Eastern area youth services coordinator sergeant Beth Houliston says the programme is a mix of young offenders and student mentors aged 15 to 16 who are driving or have friends who drive.
“It’s targeted at young people so they can have a sphere of influence and a ripple effect of information disseminated down,” Miss Houliston says.
On day one the teens were taken to the Auckland District Court where they walked the cells and back tunnels to the court room, just as an offender would.
Session two gave an insight into the police serious crash unit, with presentations from the Brain Injury Association and funeral directors.
Mothers of crash victims spoke about the aftermath of accidents and how it affected their lives.
“It’s extremely emotional and you can hear a pin drop.
“There’s a point of realisation, some dawn that they are not actually invincible, six foot tall and bullet proof,” Miss Houliston says.
“And the consequences are serious. They realise the ripple effect – that one person’s poor decision can affect the whole family, emergency services and their peers.”
The third session, based at the Mt Wellington fire station, showed how firefighters cut a person out of a wrecked car.
Teens were put out of their comfort zone in the fourth session at Kokako Lodge in Hunua during team building exercises in the outdoors.
“We’re making them understand what it’s like to take a risk,” she says.
“They would be quite happy to get in a car and let their mate drive 160kmh, but would they jump off a waterfall?”
Session five explained what happens when innocent people are involved in a collision with a drunk driver at high speed.
In the final session, held at the Middlemore Trauma Unit and the Otara Spinal Unit, youth are spoken to by those who have been involved in accidents, suffered injuries and been through rehabilitation.
Logan says the programme was an eyeopener.
“You watch the news and get a fair idea of what happens in a crash, but nothing like this.
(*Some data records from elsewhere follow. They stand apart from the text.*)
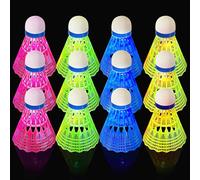 12 volani a LED, per badminton, 4 colori, volani luminosi per notte, badminton, luci a LED, per attività sportive in casa, all'aperto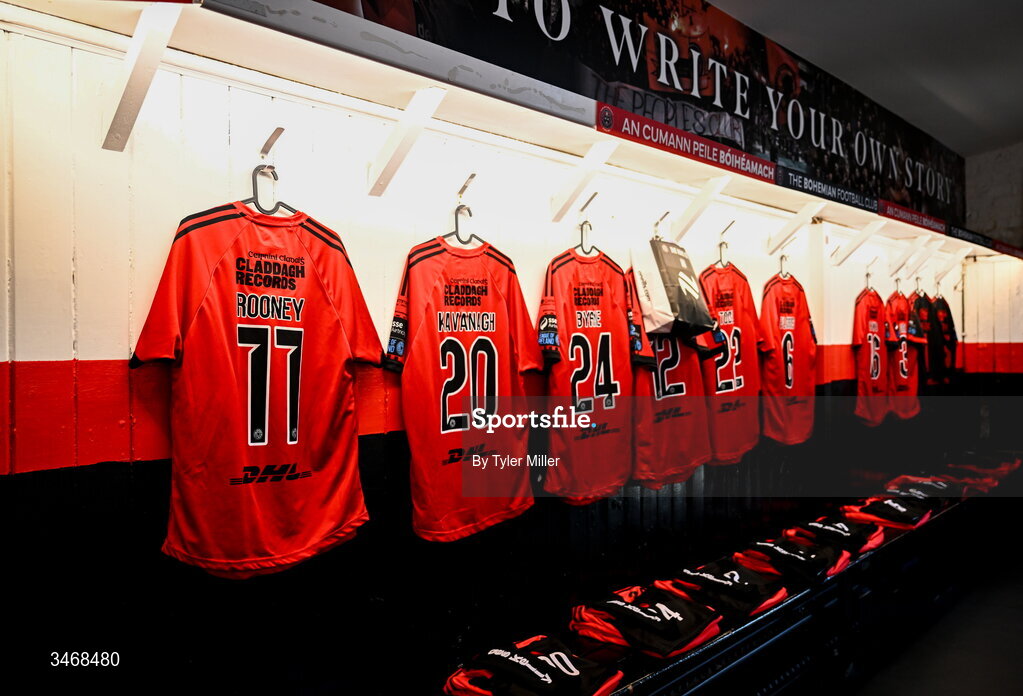 25 May 2026; A general view inside the Bohemians dressing room before the SSE Airtricity Men’s Premier Division match between Bohemians and Shamrock Rovers at Dalymount Park in Dublin. Photo by Tyler Miller/Sportsfile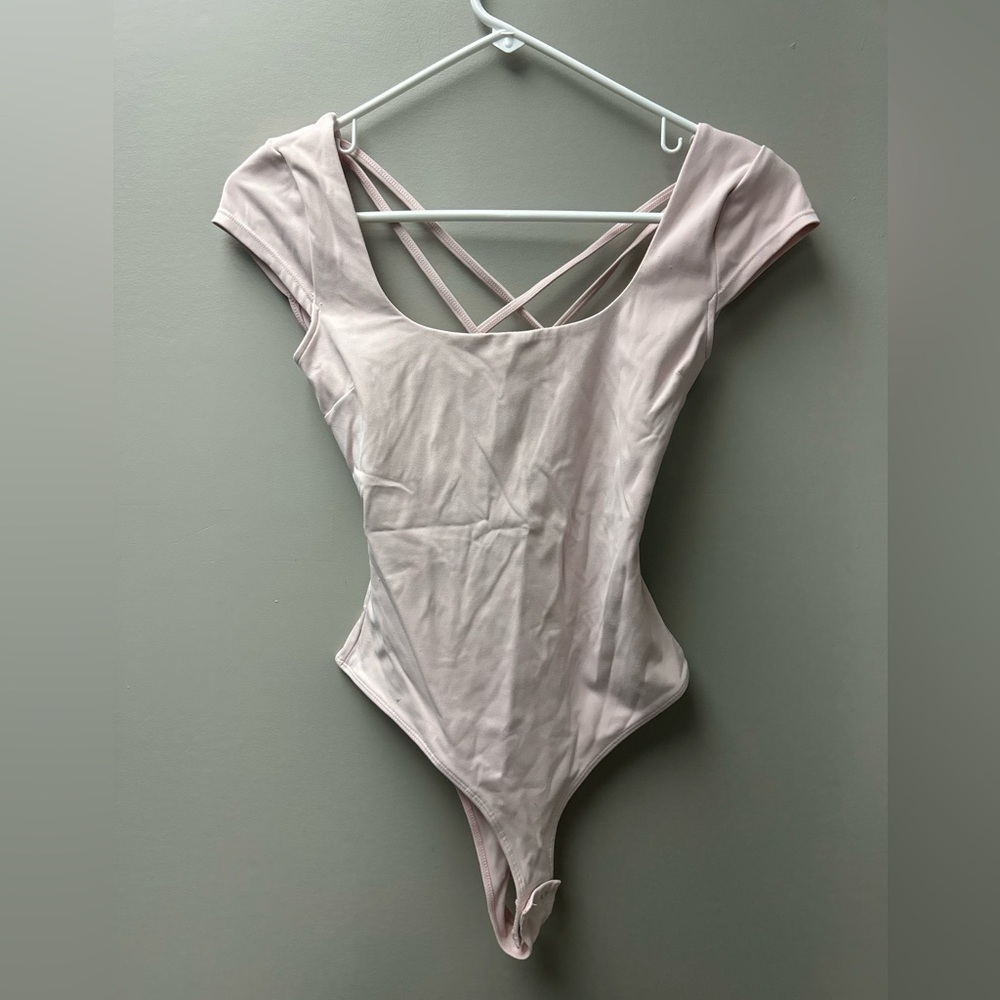 Garage Baby Pink Open Back Criss Cross Bodysuit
You need a hands-on experience to really understand the consequences.
“Otherwise you think it’s just another road toll statistic.”
It’s graphic, he says, but sometimes that’s the only way to learn.
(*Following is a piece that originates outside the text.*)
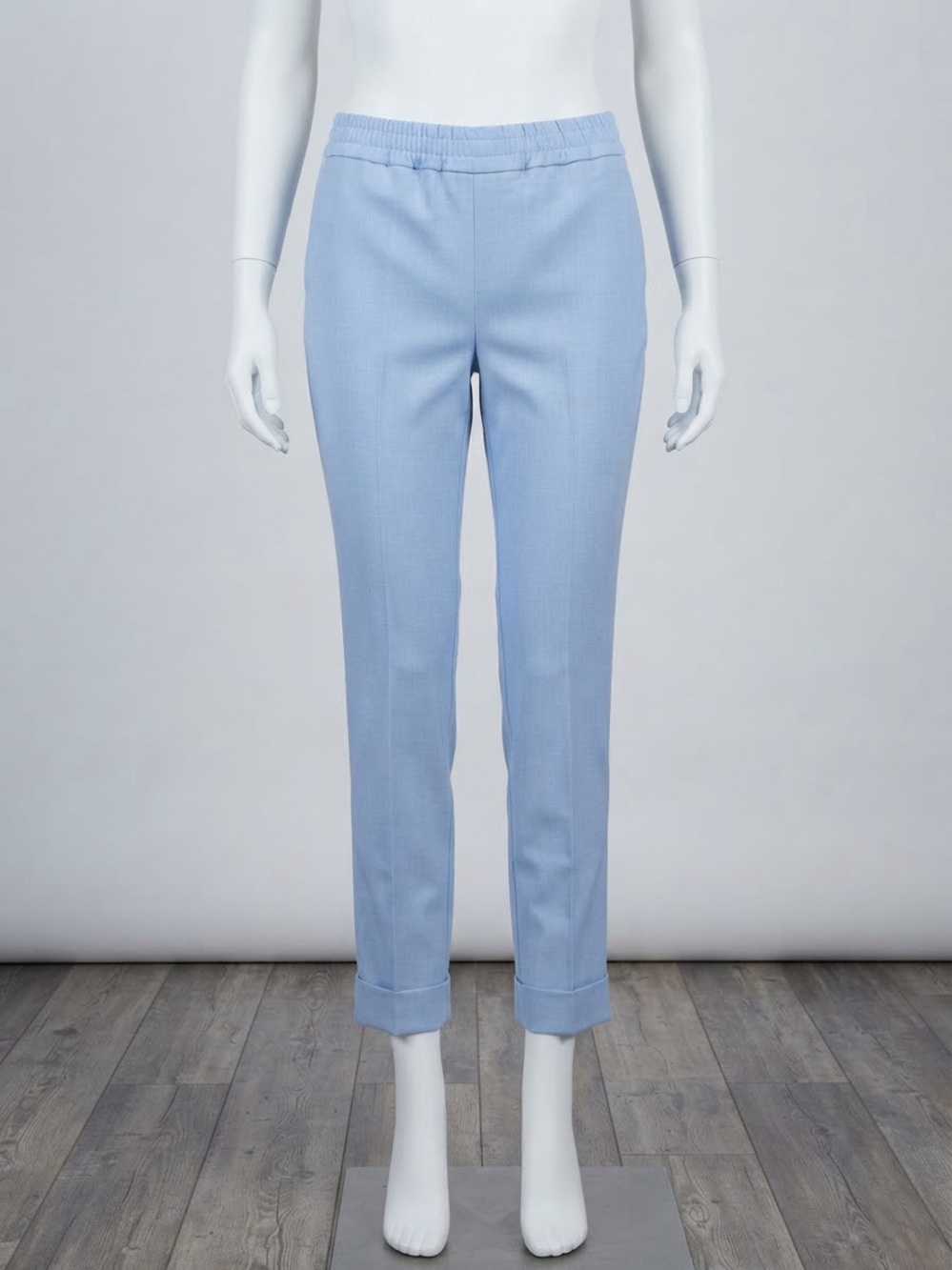 Rachel Zoe Light Blue Cropped Cuffed Ankle Trousers Size 10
Logan noticed at the end of the course some of the young offenders were showing more respect towards people.
Parents are encouraged to attend the classes, but all participation is voluntary.
Logan’s father Ian says it was invaluable information for parents as well.
“The ones this age tend to be a bit gung-ho and rip, roar and bust. But it made them see things differently,” he says.
“They weren’t pulling many punches.
“The next stop would be having a real body there.”
He says the hardhitting presentations drove the point home.
“It emphasised choices.
“Making the choice to speed, making the choice to drink, to be an idiot, and that the outcome can be out of your hands.
“I thoroughly recommend it and only hope they crank it up and do more of it.”
On track: Logan Kemp says the Right Track Programme is a fantastic initiative with some hardhitting messages.